El problema de la libertad es una cuestión antropológica y metafísica que, como toda otra cuestión filosófica, resulta imposible tanto de resolver como de disolver. Por situarnos en nuestro tiempo, la modernidad ha entendido la libertad de múltiples maneras, negándola o confundiéndola casi siempre con algún tipo de determinismo, ya fuera el de las leyes naturales, el de la dialéctica histórica, el de los entramados del inconsciente o el de la propia geometría de la razón. Tan solo algún filósofo como Kant se atrevió a postular una cierta idea de autonomía ilustrada; pero una idea según la cual, si queríamos salvar nuestra libertad del mecanismo de la naturaleza, habíamos de someternos igualmente a la pura ley de la razón.
Dado este «impasse» filosófico, no es raro que nuestra época haya asociado la libertad a un voluntarismo de oscura raíz fideista y de exuberante y romántica copa nietzscheana, hasta el punto de que el sentido común confunda completamente la compleja idea de libre albedrío con su interpretación más superficialmente liberal: aquella que lo reduce a satisfacer nuestros sacrosantos y caprichosos deseos sin topar con demasiados obstáculos, reglas o razones que los limiten.

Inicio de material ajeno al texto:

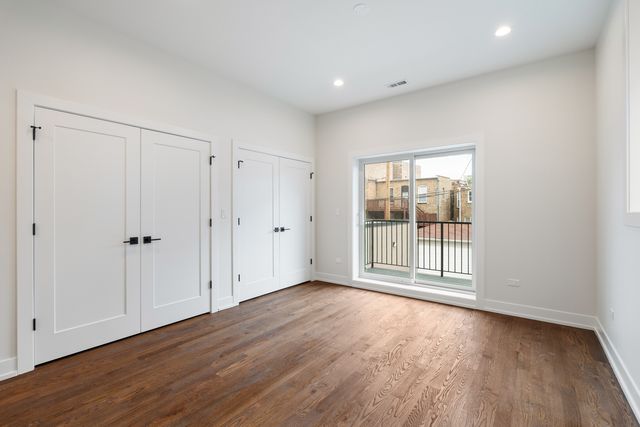 416 E 50th Place 1W, Chicago, IL 60615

Ahora reparen en cómo esta noción de libertad fundada en el carácter irrestricto e irracional de los deseos puede proliferar tanto en regímenes oligárquicos de tradición totalitaria (como China o Rusia), como con otros de tradición más democrática (como los que prefiguran los EE. UU de Trump o la Argentina de Milei). Los primeros logran la conformidad de la gente asegurándoles las condiciones (seguridad, recursos, posibilidades de consumo) para la consecución, real o soñada, de sus caprichos materiales. Y los segundos, a los que el imaginario democrático y cultural no les permite legitimarse únicamente con el paraíso de «libertad» y baratijas de Aliexpress o Amazon, sustituyendo el ideal de autonomía ilustrada de la ciudadanía por su remedo voluntarista: el de la invención a capricho de la información y la realidad.

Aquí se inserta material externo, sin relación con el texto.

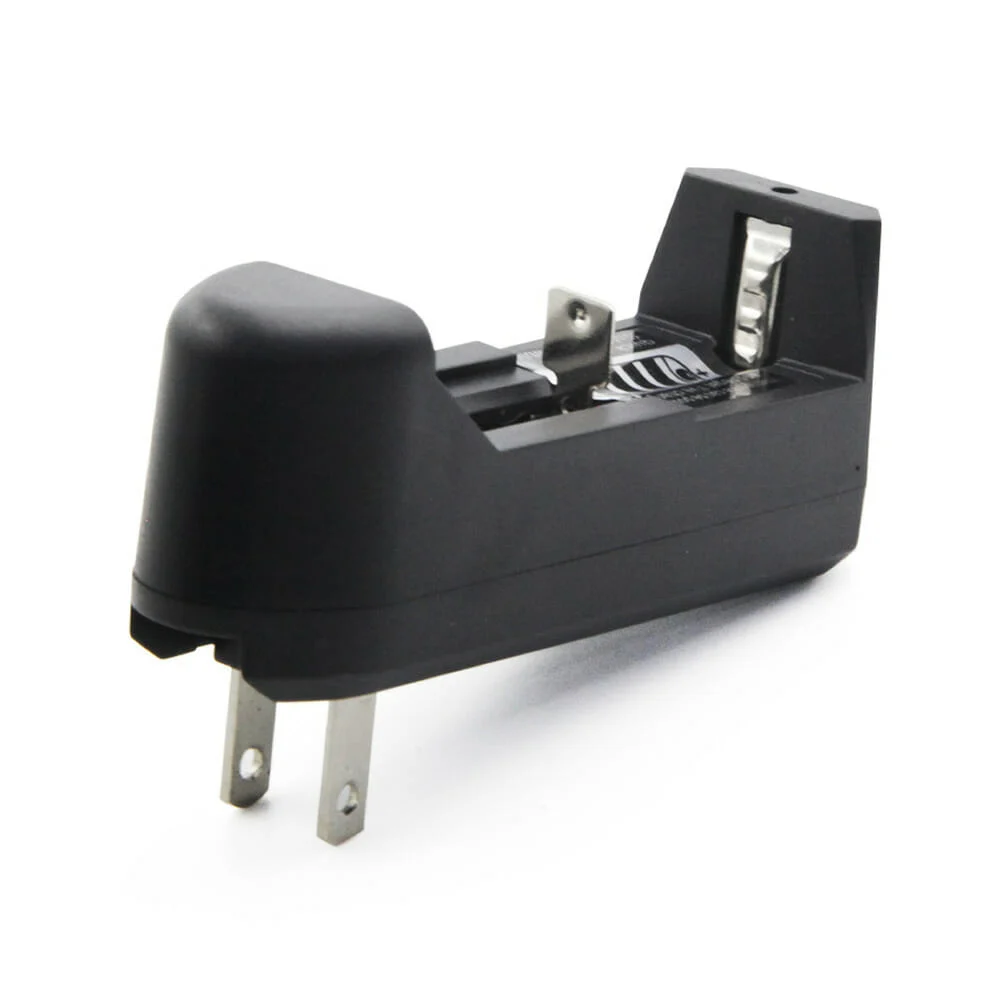 Cargador universal de baterías recargables / ch.70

Así, lo que los viejos defensores de la ilustración llaman bulos o visiones «conspiranoicas», los nuevos evangelistas (como Elon Musk) lo llaman comunicación directa con la verdad. Se trata de un triunfo más del luteranismo. ¿Qué es eso de erigir a periodistas o científicos para mediar con la Información, si cada persona es su propio medio y accede directamente a Ella? Con la ventaja de que esta «autonomía», a diferencia de la kantiana, no exige educación ni esfuerzo dialéctico alguno, sino solo la voluntad de poder opinar y la incitación al empacho y el onanismo desesperado que provoca la máquina de producir beneficios, deseos y, desde hace tiempo, «realidades» y deliciosa información-basura.